- EXERCISE AIM:
For this task, output exactly the lines of the material below starting at the line with "2015 Toyota Prius" and ending at the line with "SWITFTCRANE VTOL-SWIFTTECHNOLOGY-USA"; pictures are to be excluded.

- RECORDS:
******

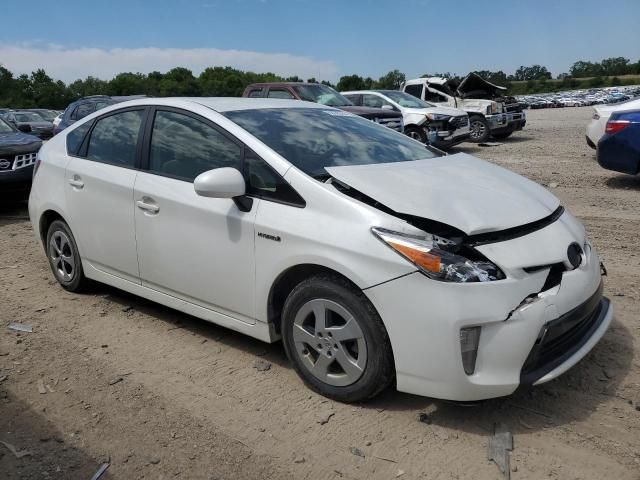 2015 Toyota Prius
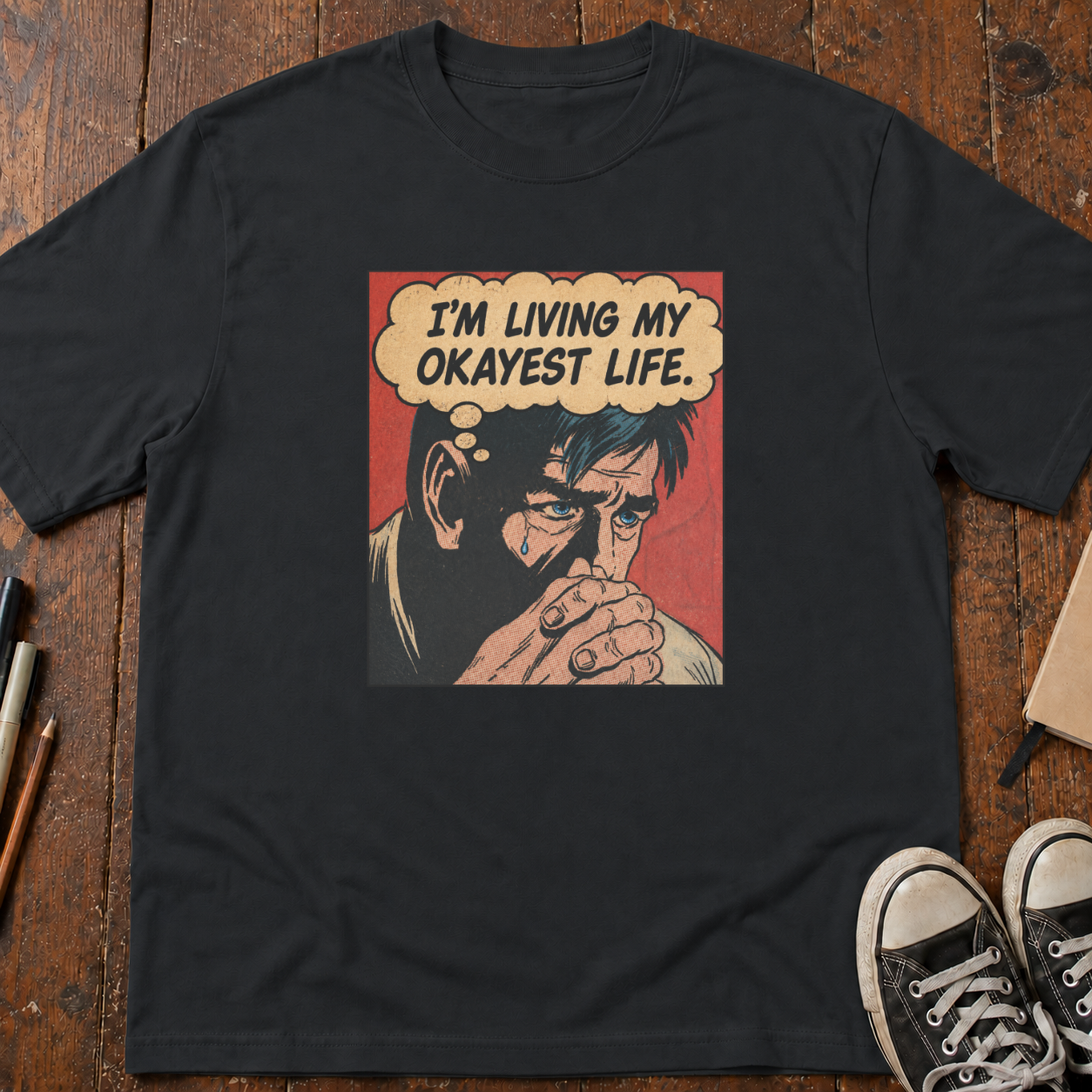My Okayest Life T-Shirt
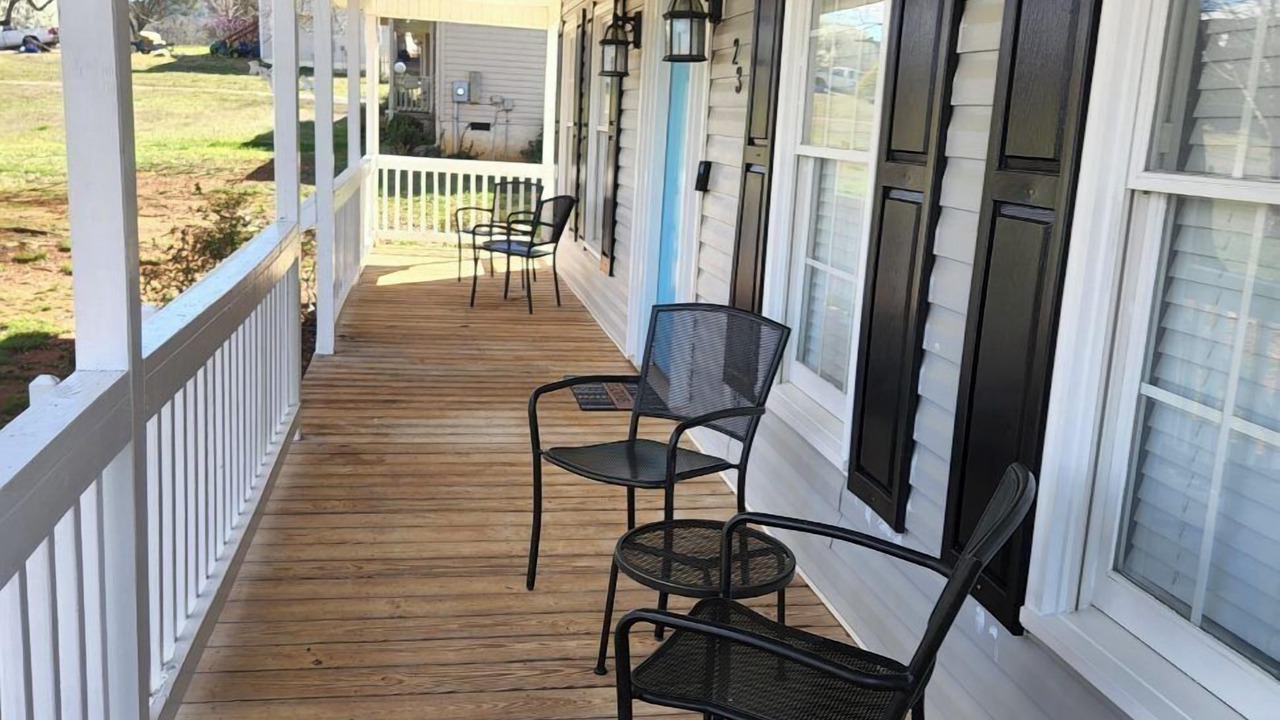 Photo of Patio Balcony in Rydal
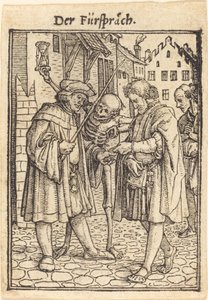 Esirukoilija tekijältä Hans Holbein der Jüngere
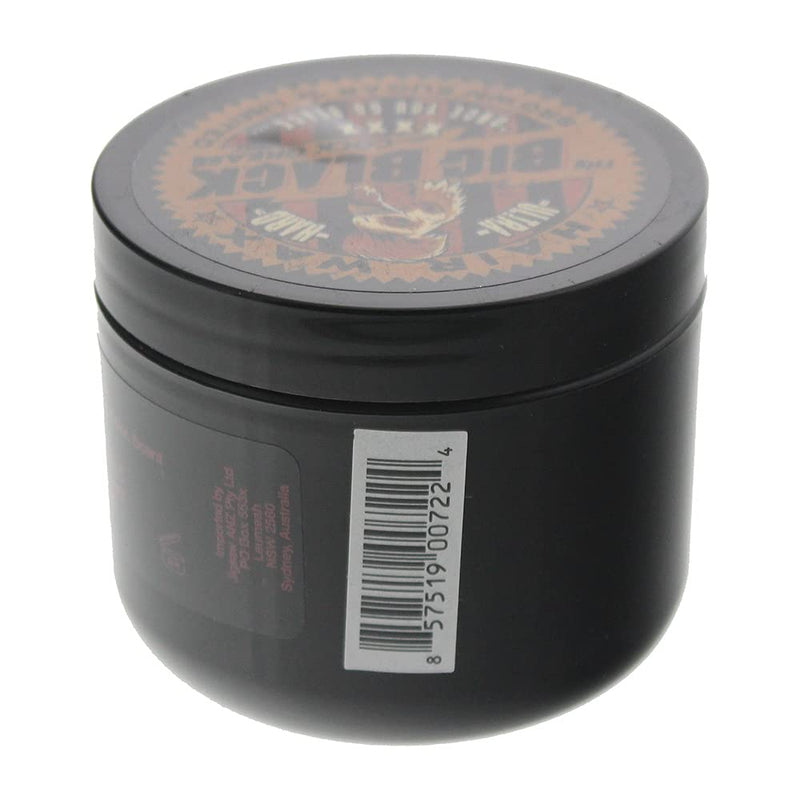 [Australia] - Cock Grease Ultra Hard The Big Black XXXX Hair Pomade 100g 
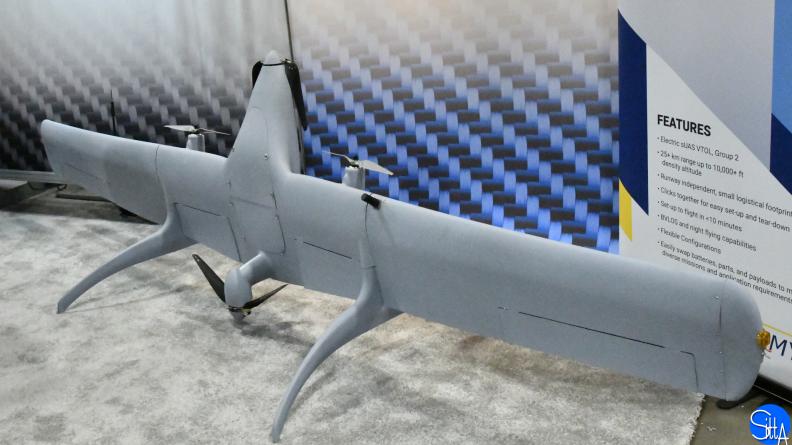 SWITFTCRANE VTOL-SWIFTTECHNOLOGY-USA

******

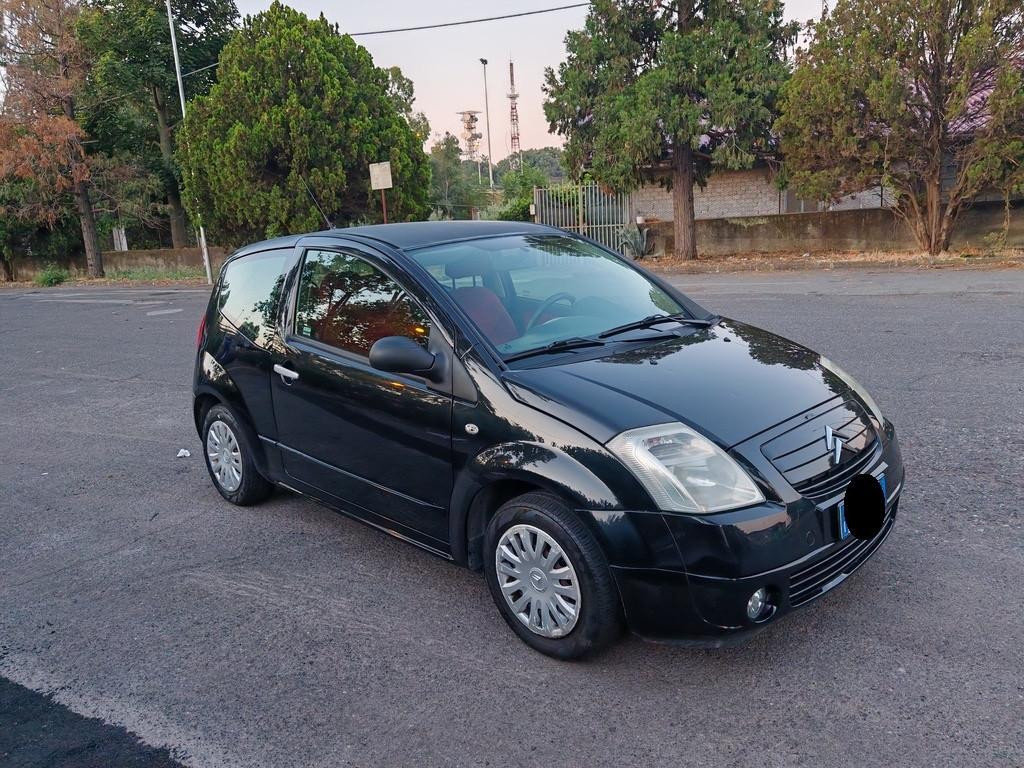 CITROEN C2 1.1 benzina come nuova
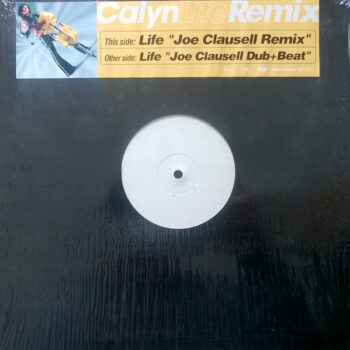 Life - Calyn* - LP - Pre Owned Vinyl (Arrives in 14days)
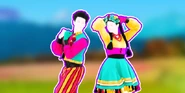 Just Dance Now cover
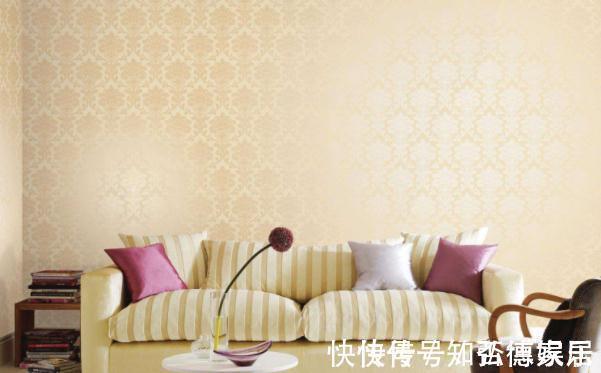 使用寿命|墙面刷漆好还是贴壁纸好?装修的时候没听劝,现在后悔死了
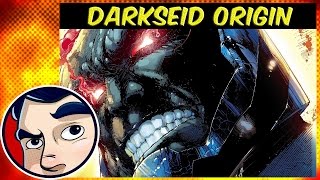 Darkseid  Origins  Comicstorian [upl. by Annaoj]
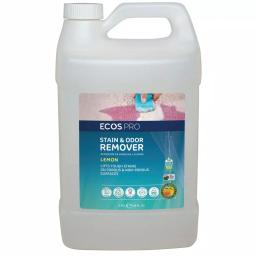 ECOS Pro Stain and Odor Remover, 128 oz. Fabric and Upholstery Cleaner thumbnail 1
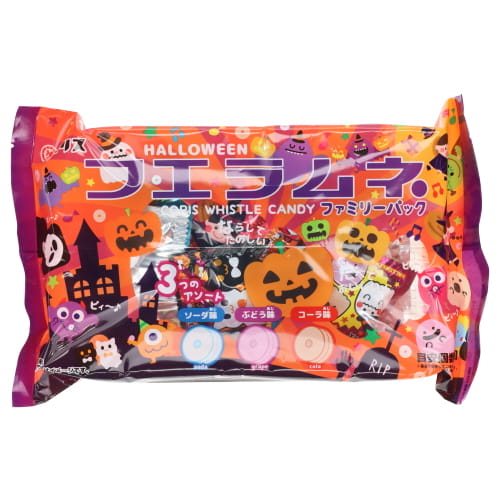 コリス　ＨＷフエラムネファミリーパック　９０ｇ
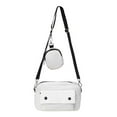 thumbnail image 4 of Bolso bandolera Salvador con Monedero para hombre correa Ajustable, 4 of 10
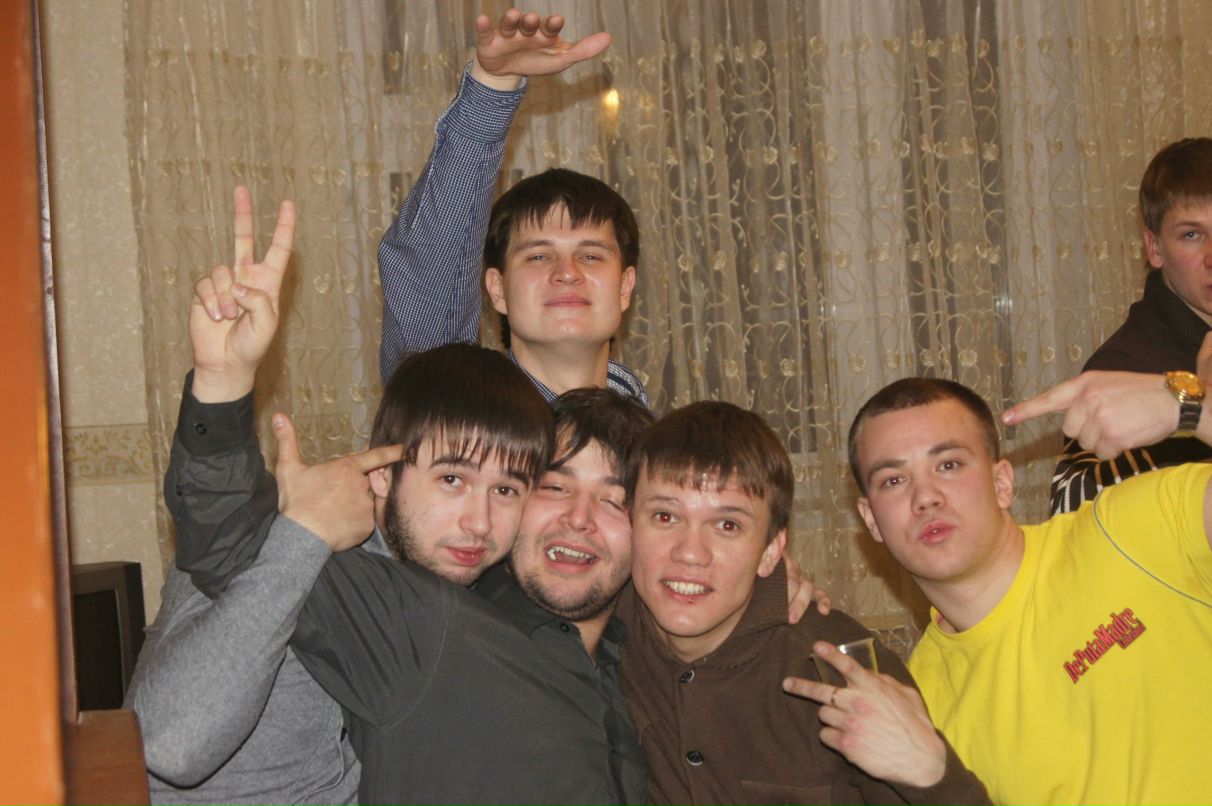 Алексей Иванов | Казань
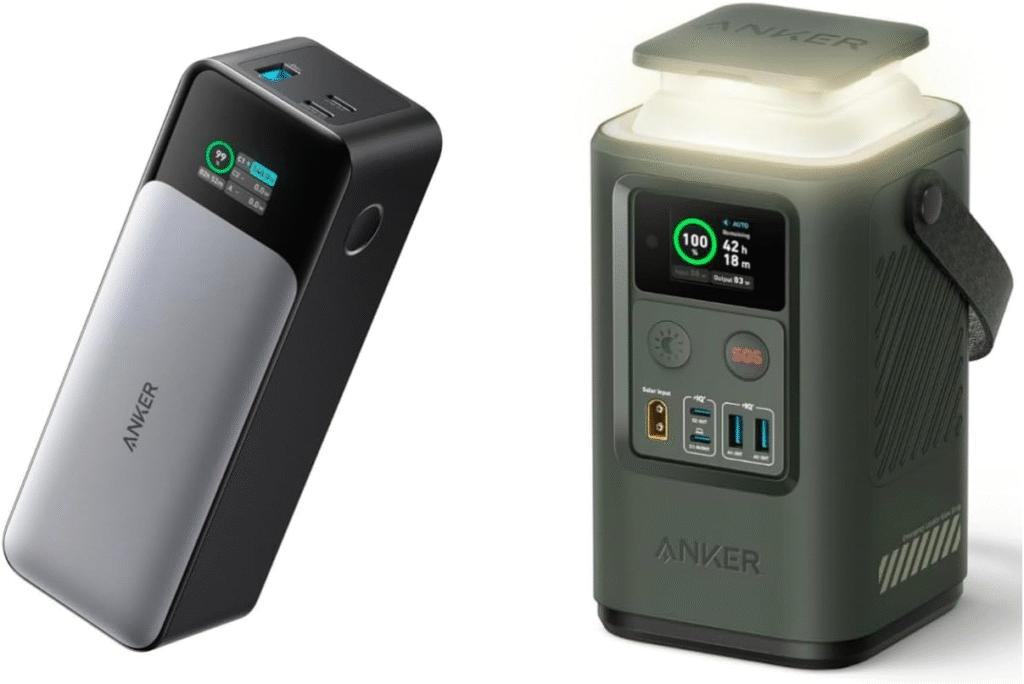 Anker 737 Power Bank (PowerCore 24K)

******

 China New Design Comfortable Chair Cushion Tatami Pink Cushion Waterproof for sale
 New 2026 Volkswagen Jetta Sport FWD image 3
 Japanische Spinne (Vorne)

******

- WRITTEN RESPONSE:
 2015 Toyota Prius
My Okayest Life T-Shirt
 Photo of Patio Balcony in Rydal
 Esirukoilija tekijältä Hans Holbein der Jüngere
 [Australia] - Cock Grease Ultra Hard The Big Black XXXX Hair Pomade 100g 
 SWITFTCRANE VTOL-SWIFTTECHNOLOGY-USA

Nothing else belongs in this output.